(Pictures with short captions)
○ ○ ○
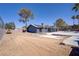 Large backyard with pool, desert landscaping, and mature trees at 4490 W Warm Springs Rd, Las Vegas, NV 89118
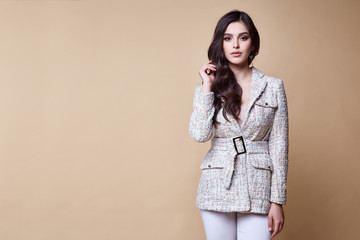 Sexy beautiful woman fashion glamour model brunette hair makeup wear silk blouse trousers jacket...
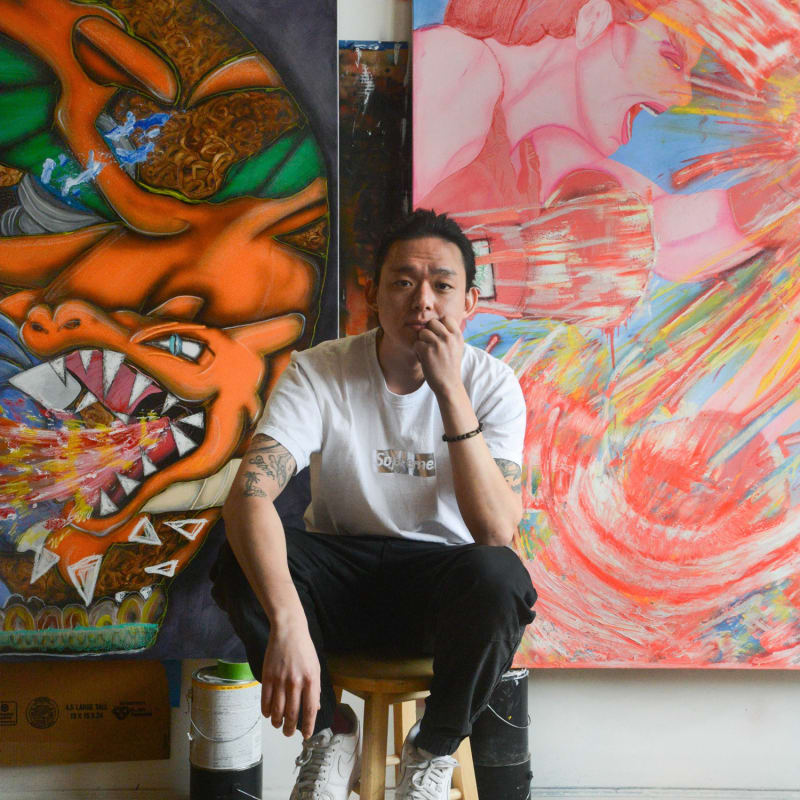 photo of the artist David Heo in the studio with two (partial view) large scale paintings in background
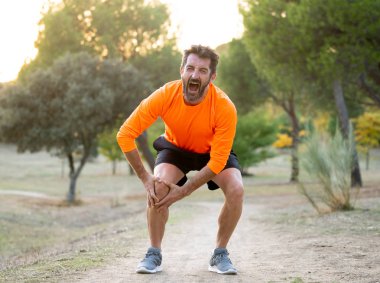 Genç adam elleriyle diz ağrısı kas yaralanması kırık kemik bacak ağrısı burkulma veya kramp çalışan bir egzersiz sırasında yaralanma çalışan açık havada spor eğitim parkında acı sonra holding yerleştirmek.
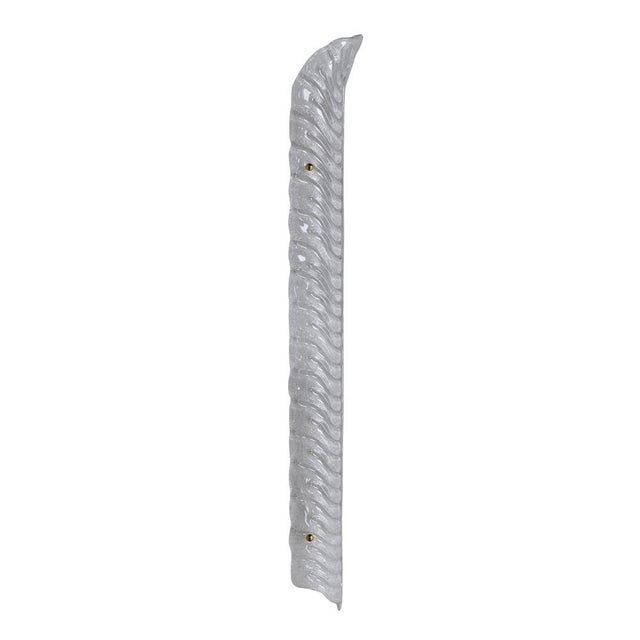Elegant pair of wall sconces handcrafted in Italy, featuring elongated feather-shaped shades made of hand-blown Murano...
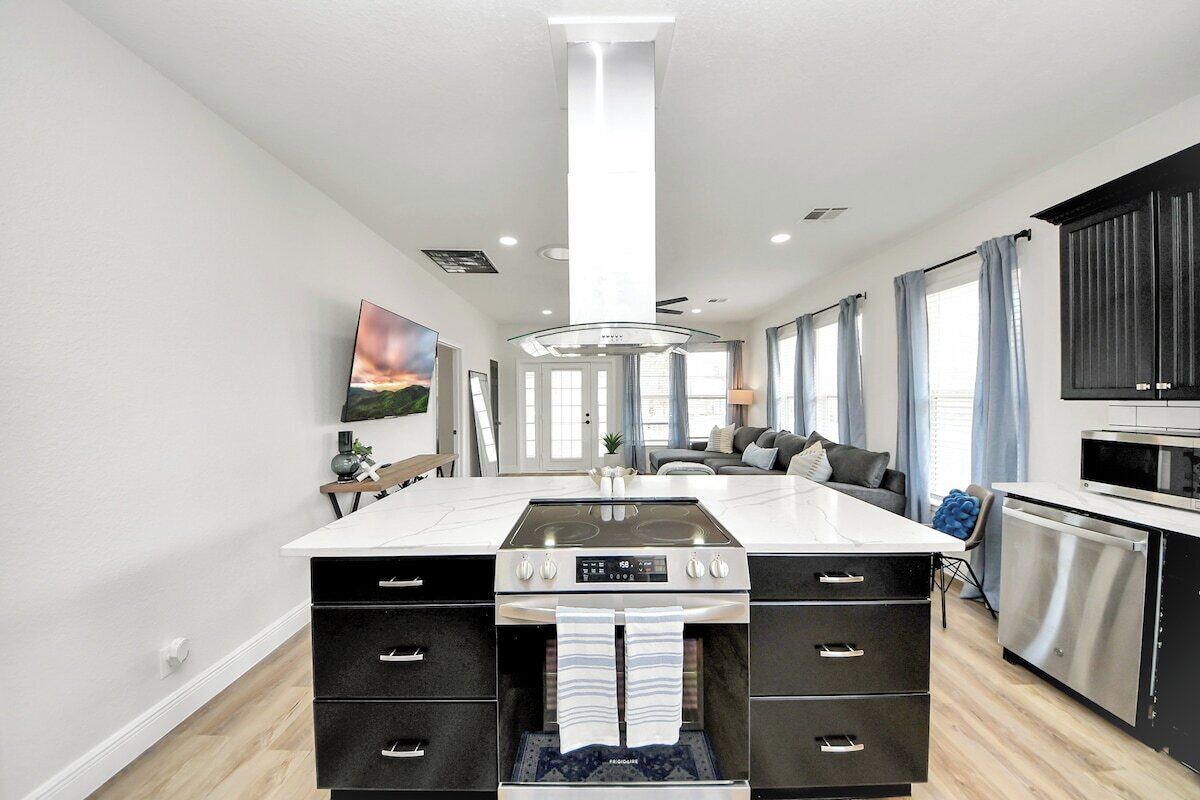 A modern kitchen with a central island, built-in oven, and stainless steel appliances.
○ ○ ○
WHAT YOU SHOULD DO
Repeat all entries exactly, pictures excluded.

TASK SOLUTION
 Large backyard with pool, desert landscaping, and mature trees at 4490 W Warm Springs Rd, Las Vegas, NV 89118
 Sexy beautiful woman fashion glamour model brunette hair makeup wear silk blouse trousers jacket...
 photo of the artist David Heo in the studio with two (partial view) large scale paintings in background
 Genç adam elleriyle diz ağrısı kas yaralanması kırık kemik bacak ağrısı burkulma veya kramp çalışan bir egzersiz sırasında yaralanma çalışan açık havada spor eğitim parkında acı sonra holding yerleştirmek.
Elegant pair of wall sconces handcrafted in Italy, featuring elongated feather-shaped shades made of hand-blown Murano...
 A modern kitchen with a central island, built-in oven, and stainless steel appliances.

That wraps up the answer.